Mechanistic Elucidation of Surface Cation Segregation in Double Perovskite PrBaCo2O5+δ Material using MD and DFT Simulations for Solid Oxide Fuel Cells

Abstract

Surface segregation of A-site cation is a known phenomenon in perovskite and layered perovskite materials which are used as the cathode in a solid oxide fuel cell (SOFC). A combined density functional theory (DFT) and molecular dynamics (MD) based theoretical approach was utilized to develop a mechanistic understanding of surface segregation of Ba cations in double perovskite PrBaCo2O5+δ (PBCO) electrode.
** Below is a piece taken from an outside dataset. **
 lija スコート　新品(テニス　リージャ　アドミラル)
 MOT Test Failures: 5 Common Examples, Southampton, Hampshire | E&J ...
Using DFT, the energetics for oxygen vacancy creation (EOV) in the Ba/Co and Pr/Co terminal surfaces of PBCO was calculated to be 308 kJ/mol and 318 kJ/mol, respectively, which was observed to be higher than that of Co/Pr (EOV = 151.5 kJ/mol) and Co/Ba (EOV = 121.6 kJ/mol) terminal surfaces. MD and DFT calculations suggested, both oxygen anion migration and oxygen vacancy creation were least preferred in the Ba plane. DFT calculations of the energy of terminal surfaces further revealed that the surface containing the Ba cations was the most stable surface having surface energy (γ = 6.9 kJ/mol.A2) much lower than that of the Pr containing surface (Pr/Co, (γ = 10.8 kJ/mol.A2)). Cation disordering and depth of perturbation were studied in Ba/Co, Pr/Co, Co/Ba, and Co/Pr terminal surfaces, using MD simulations. The depth of cation disordering in Co/Ba (5.4 A) was calculated to be highest as compared with other terminal surfaces. Cation density profile showed the preferential migration Ba ions towards the surface showing a disruption of cation ordering in the near surface zone.